→ Task to carry out:
Pictures stay out; please output the remaining data exactly.

Records to use below:

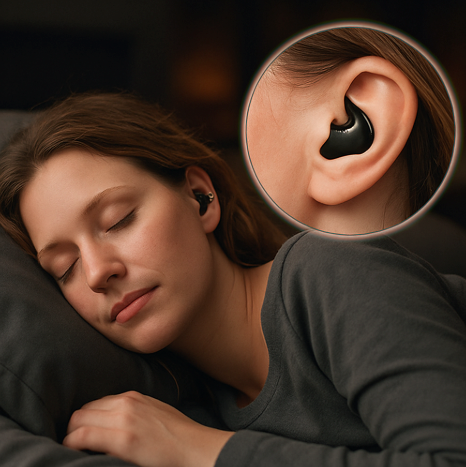 IPX5 Waterproof Wireless In-Ear Headphones - Sweat-Proof, Bluetooth 5.0, Noise Cancelling, Perfect for Sports & Outdoor Activities | Filindra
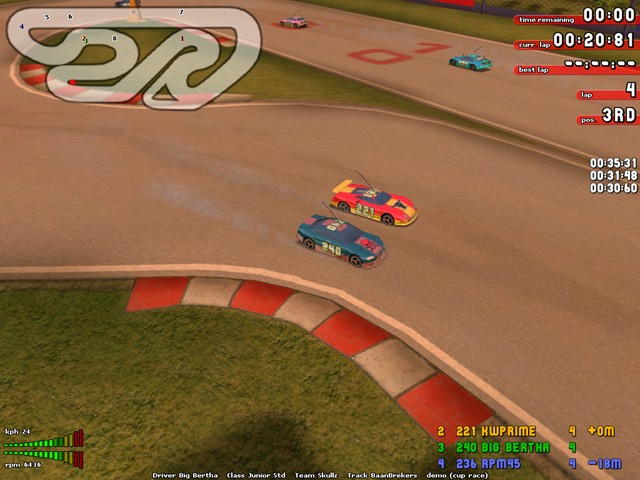 Big Scale Racing - screenshot 2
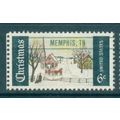 1384 6c Winter Scene Fine MNH TN. PreCnx R0340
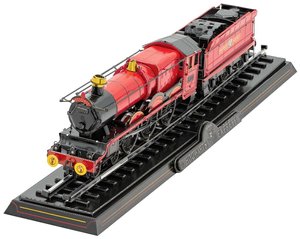 Zestaw konstrukcyjny Metal Earth Harry Potter Hogwarts Express Train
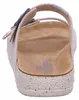 Fusion Pantolette Beige Produktbild-Vorschau 4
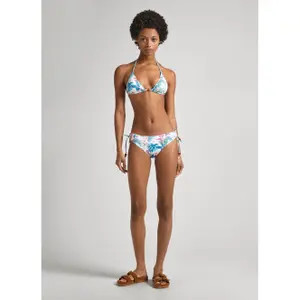 Bikinihose Damen Pepe Jeans Hibiscus image-3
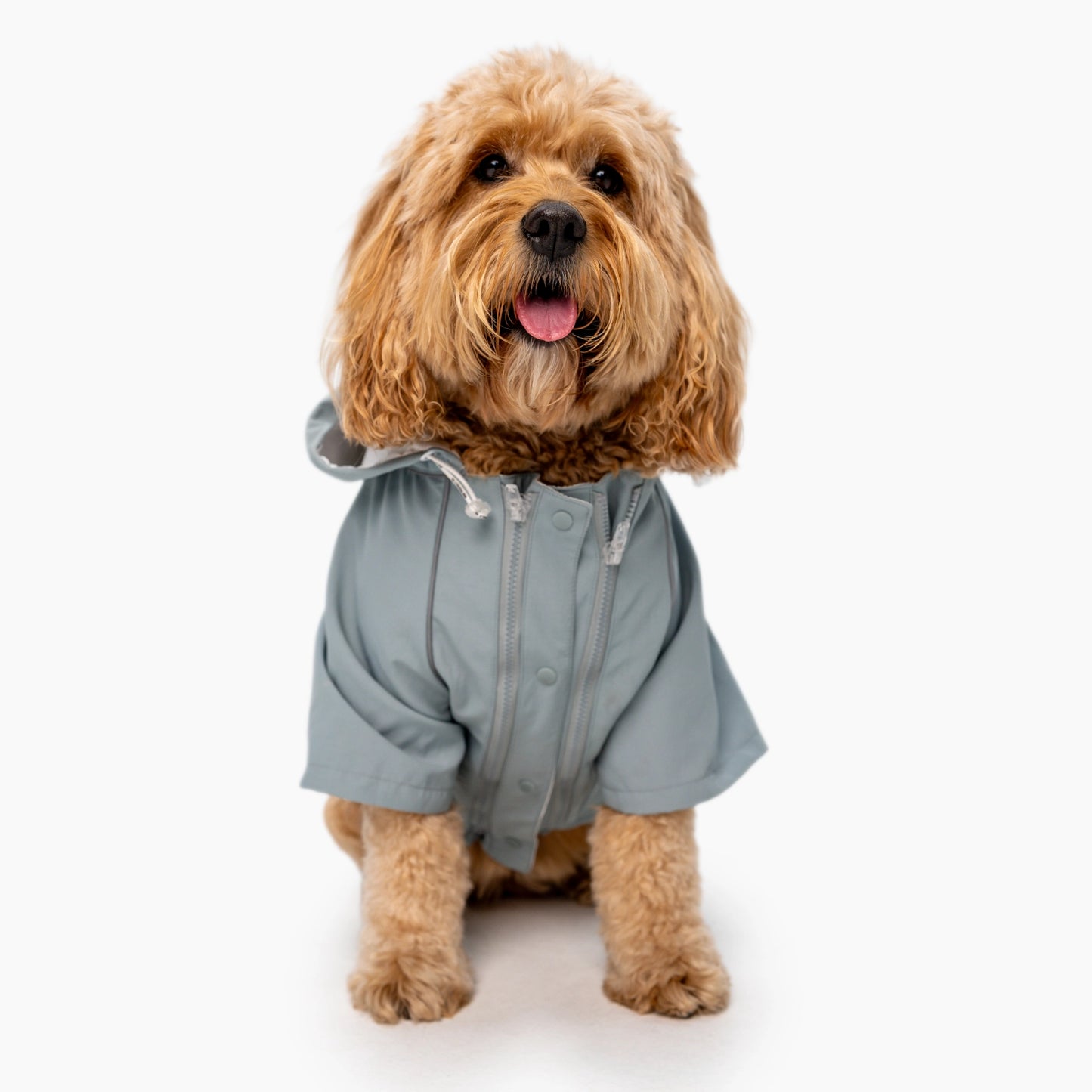 Storm Pro Raincoat - Grey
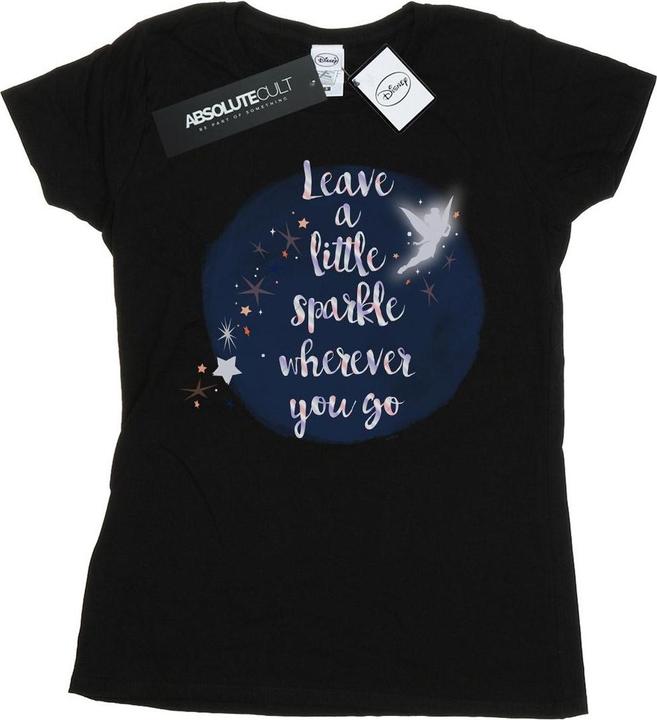 Produktbild Disney Tinker Bell A Little Sparkle TShirt (XL)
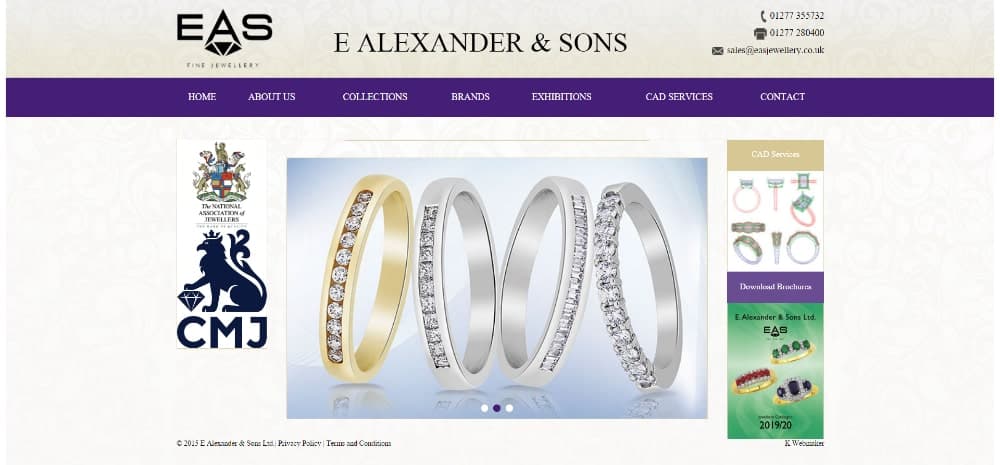 Eas Jewellery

End of Records to use.

→ Reply to the exercise:
 IPX5 Waterproof Wireless In-Ear Headphones - Sweat-Proof, Bluetooth 5.0, Noise Cancelling, Perfect for Sports & Outdoor Activities | Filindra
 Big Scale Racing - screenshot 2
 1384 6c Winter Scene Fine MNH TN. PreCnx R0340
 Zestaw konstrukcyjny Metal Earth Harry Potter Hogwarts Express Train
 Fusion Pantolette Beige Produktbild-Vorschau 4
 Bikinihose Damen Pepe Jeans Hibiscus image-3
 Storm Pro Raincoat - Grey
 Produktbild Disney Tinker Bell A Little Sparkle TShirt (XL)
 Eas Jewellery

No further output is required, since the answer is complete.